Task instructions: Lines from the one containing "(OBRAL SIZE 41)" to the end of the records, both ends included and exactly as written, are the whole answer, and no pictures go in it.

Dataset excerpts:
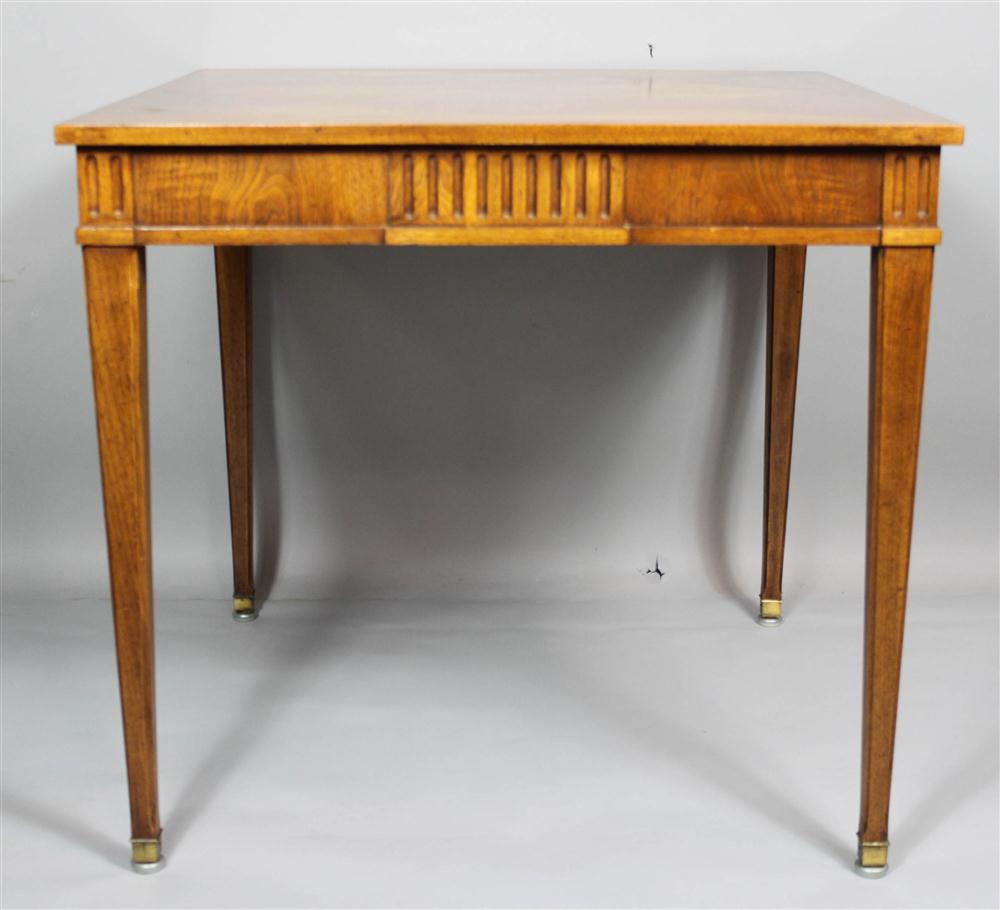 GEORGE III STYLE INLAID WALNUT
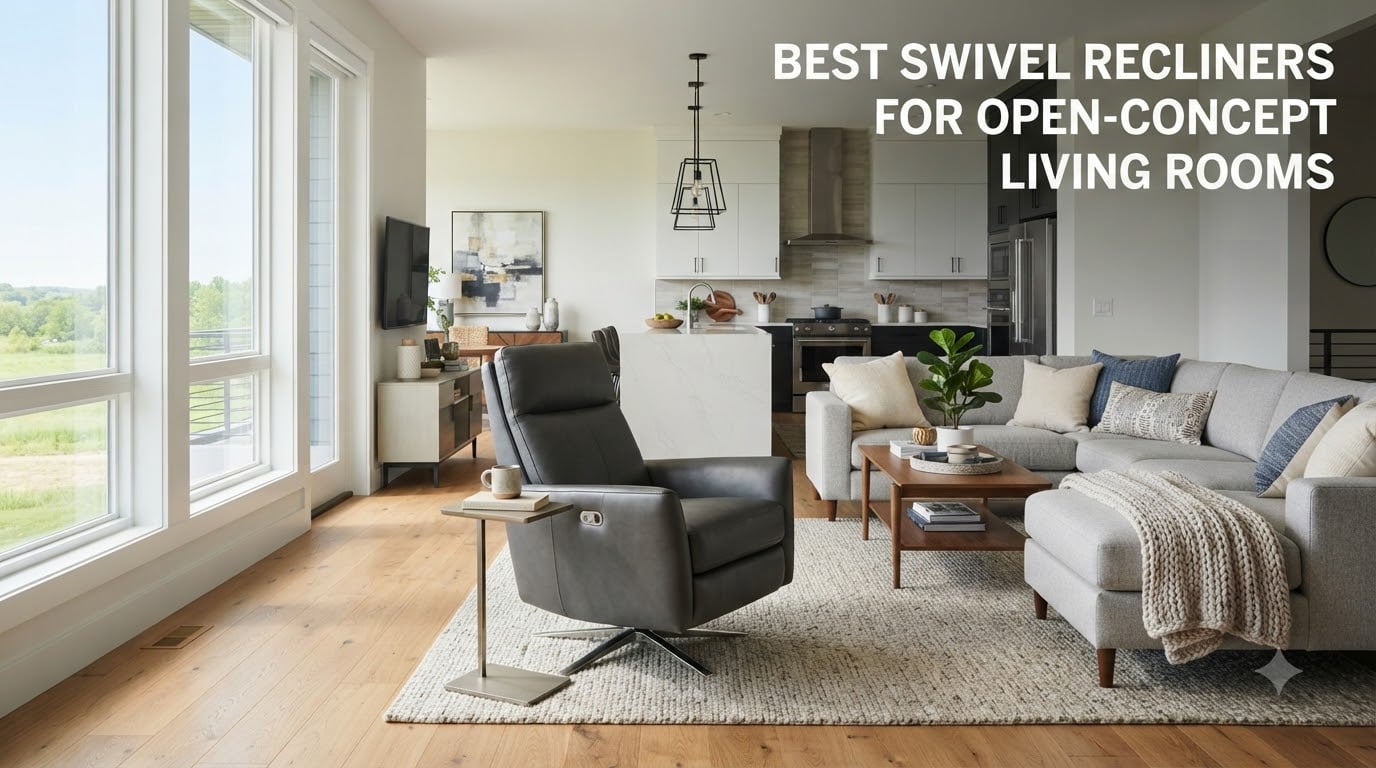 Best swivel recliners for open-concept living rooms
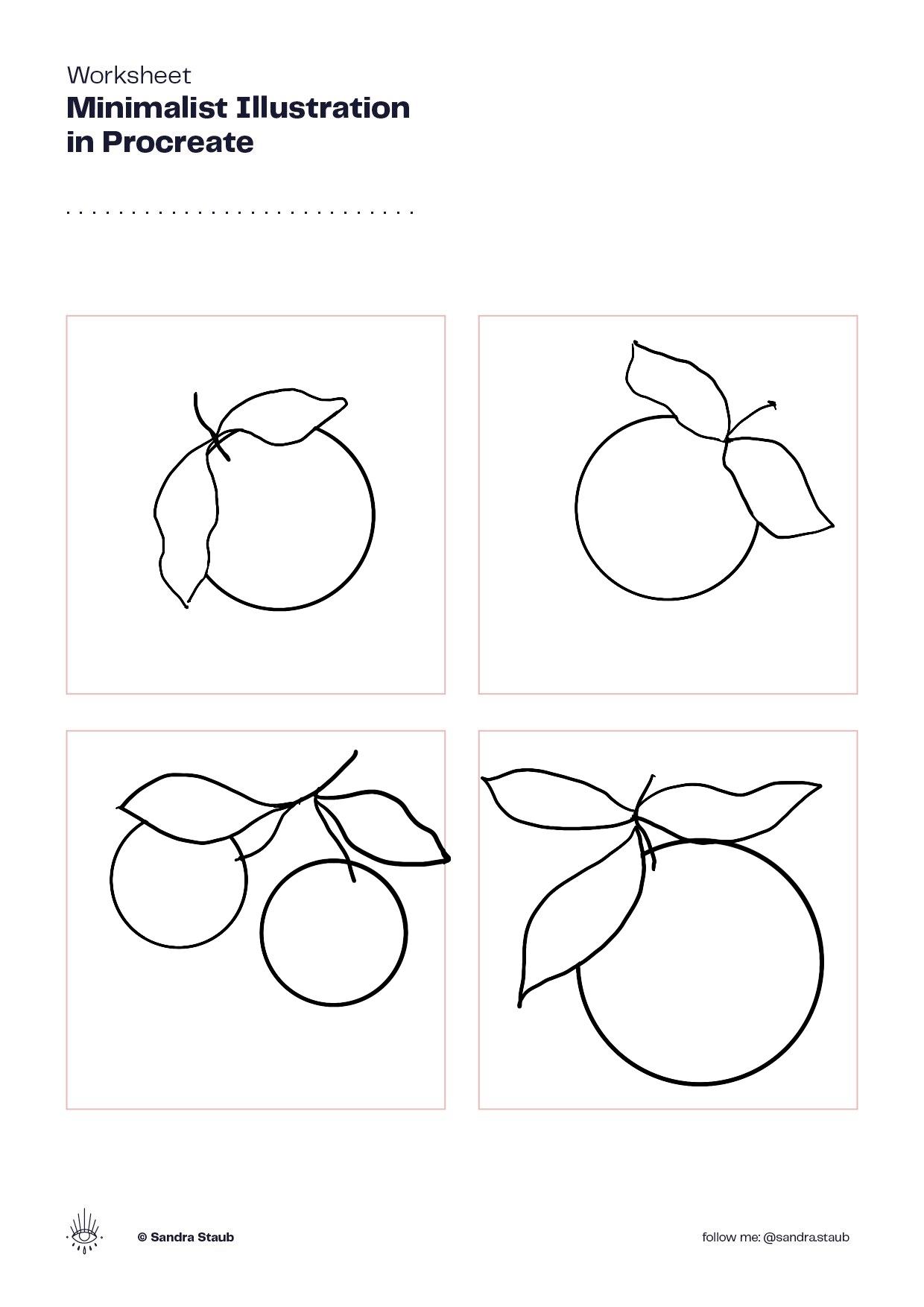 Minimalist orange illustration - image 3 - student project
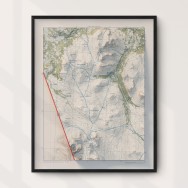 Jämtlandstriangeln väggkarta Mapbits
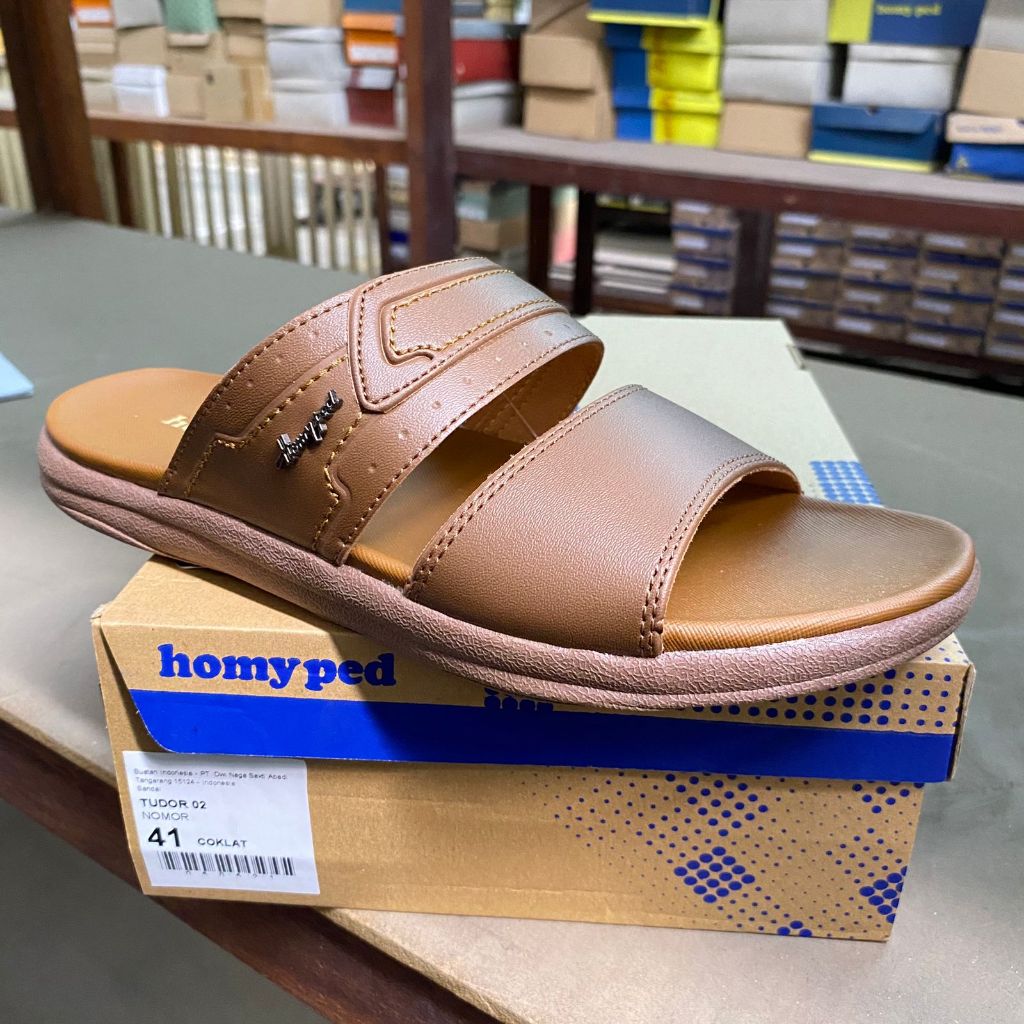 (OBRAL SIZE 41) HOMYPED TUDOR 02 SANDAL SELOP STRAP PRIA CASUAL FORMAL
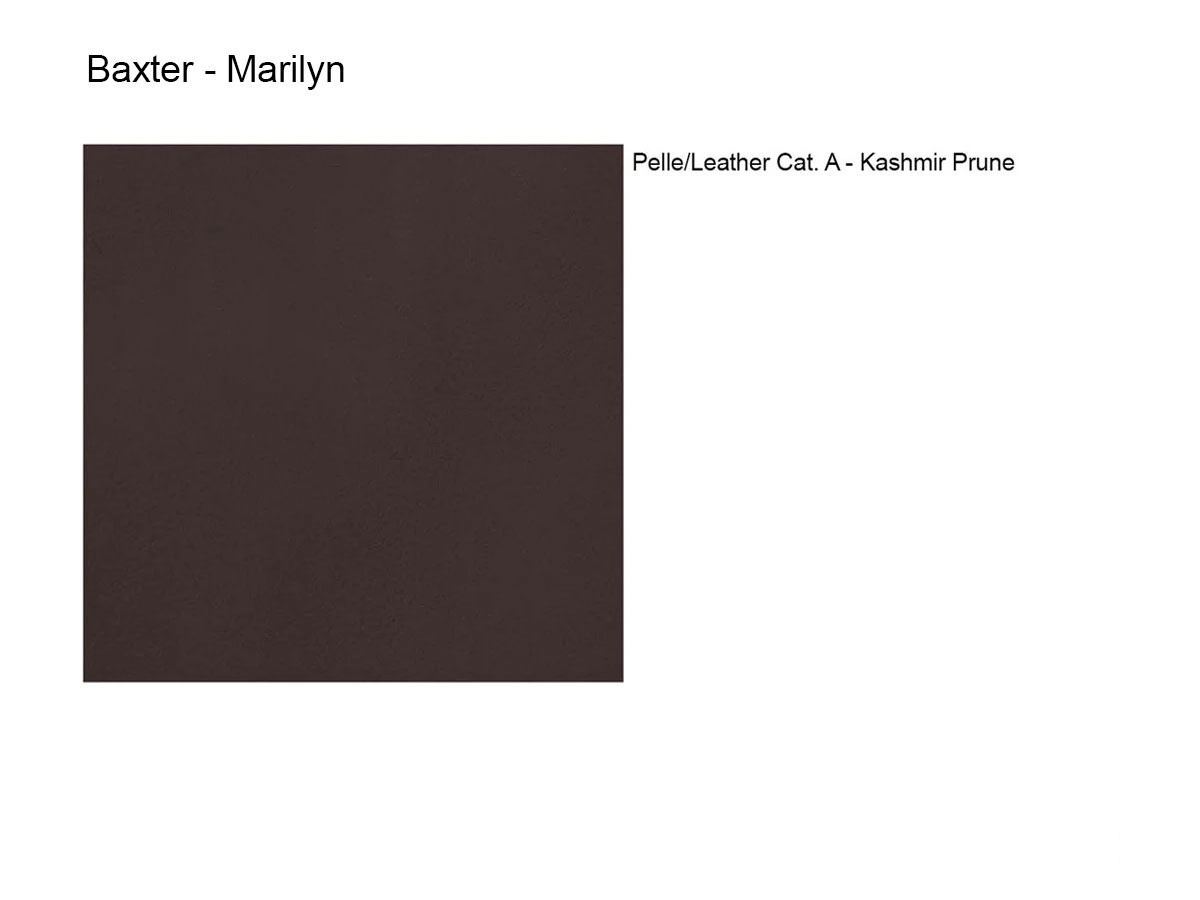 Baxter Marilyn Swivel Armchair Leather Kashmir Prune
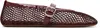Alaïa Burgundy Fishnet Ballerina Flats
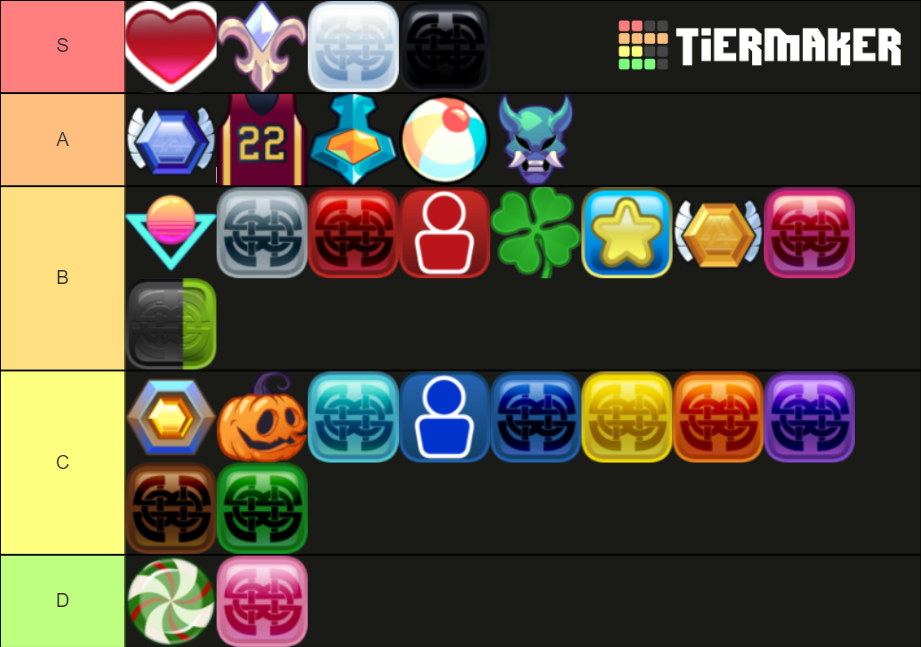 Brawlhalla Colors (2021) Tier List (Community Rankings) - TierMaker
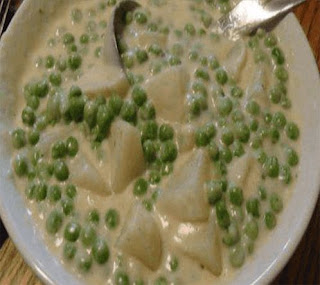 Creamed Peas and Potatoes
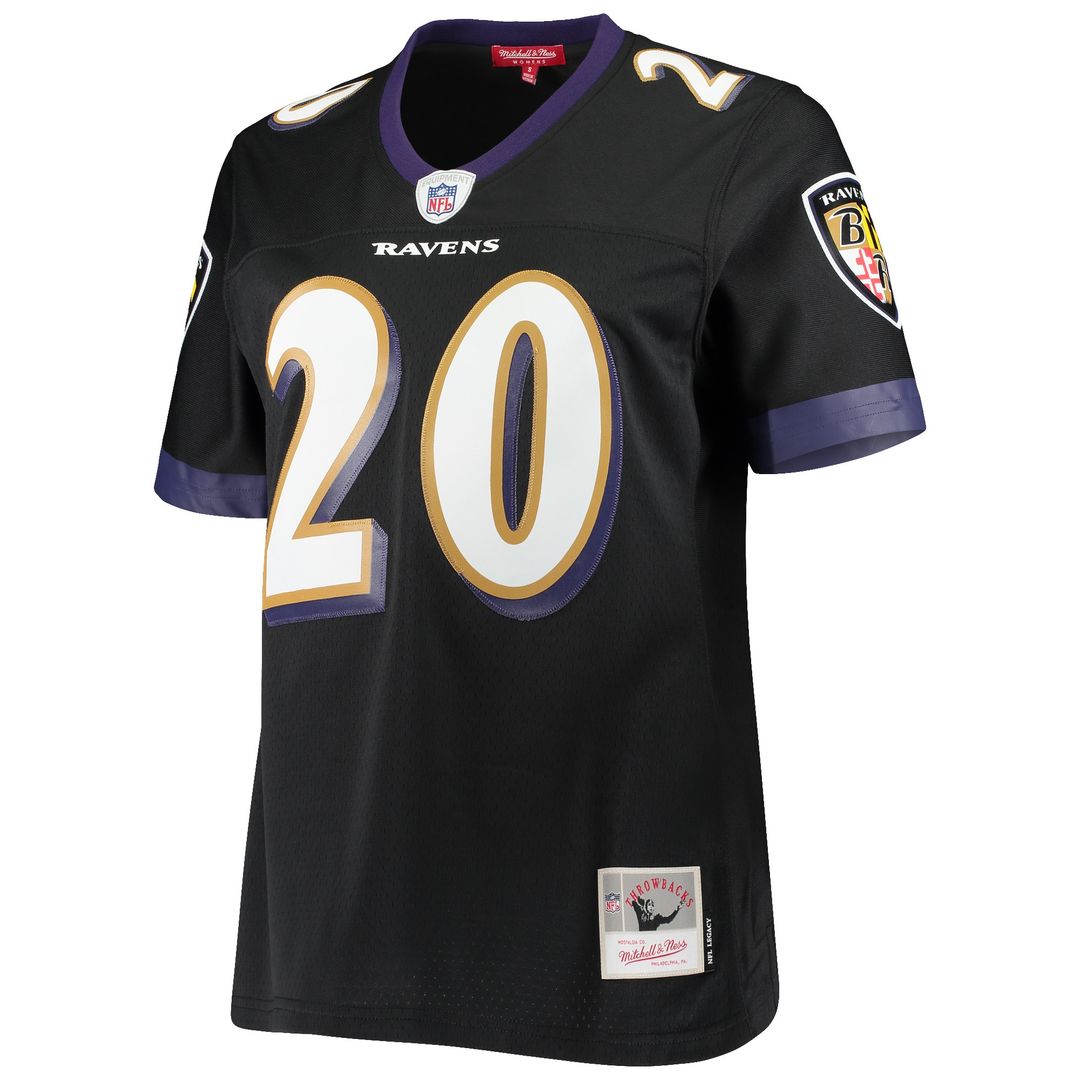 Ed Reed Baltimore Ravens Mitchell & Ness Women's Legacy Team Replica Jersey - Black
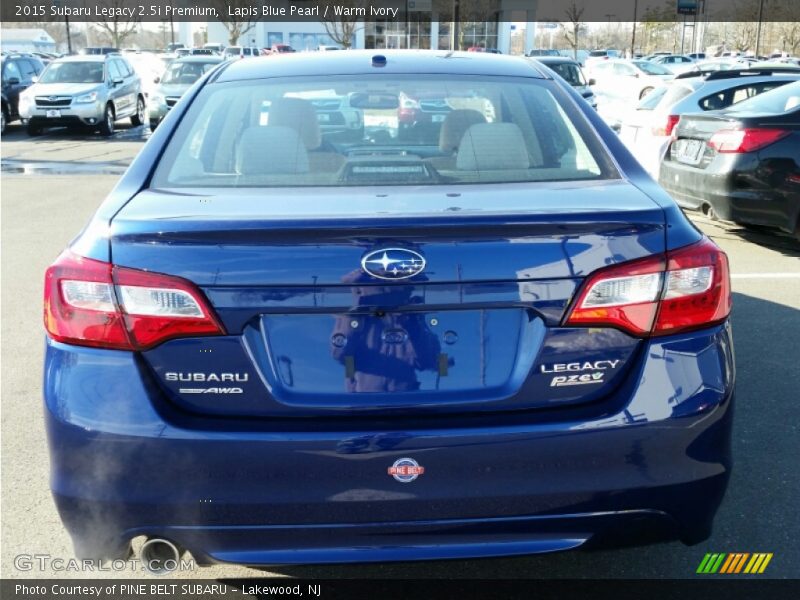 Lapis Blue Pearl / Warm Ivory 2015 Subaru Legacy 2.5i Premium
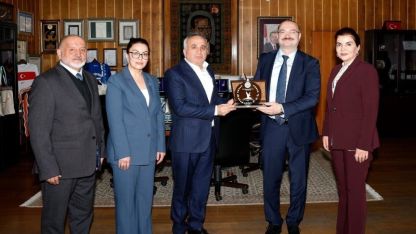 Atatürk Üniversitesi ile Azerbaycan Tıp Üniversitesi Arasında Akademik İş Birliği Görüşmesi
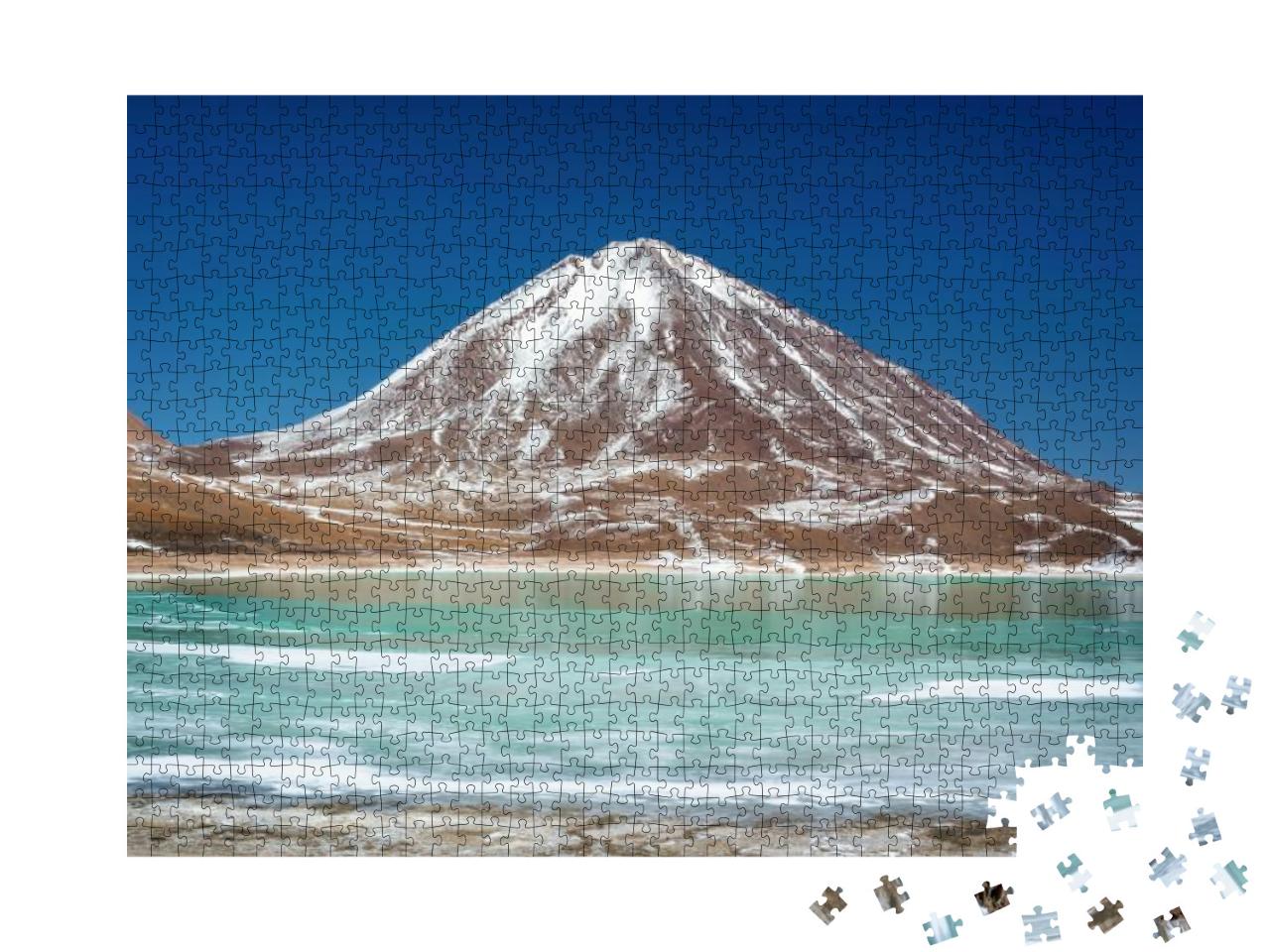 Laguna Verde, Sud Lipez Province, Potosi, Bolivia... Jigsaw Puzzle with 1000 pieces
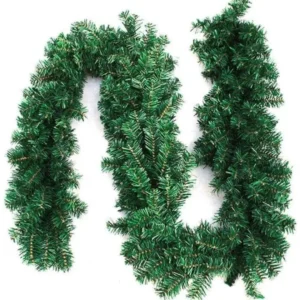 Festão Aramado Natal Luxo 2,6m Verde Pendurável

Output of the exercise:
 (OBRAL SIZE 41) HOMYPED TUDOR 02 SANDAL SELOP STRAP PRIA CASUAL FORMAL
 Baxter Marilyn Swivel Armchair Leather Kashmir Prune
Alaïa Burgundy Fishnet Ballerina Flats
 Brawlhalla Colors (2021) Tier List (Community Rankings) - TierMaker
 Creamed Peas and Potatoes
 Ed Reed Baltimore Ravens Mitchell & Ness Women's Legacy Team Replica Jersey - Black
 Lapis Blue Pearl / Warm Ivory 2015 Subaru Legacy 2.5i Premium
 Atatürk Üniversitesi ile Azerbaycan Tıp Üniversitesi Arasında Akademik İş Birliği Görüşmesi
 Laguna Verde, Sud Lipez Province, Potosi, Bolivia... Jigsaw Puzzle with 1000 pieces
 Festão Aramado Natal Luxo 2,6m Verde Pendurável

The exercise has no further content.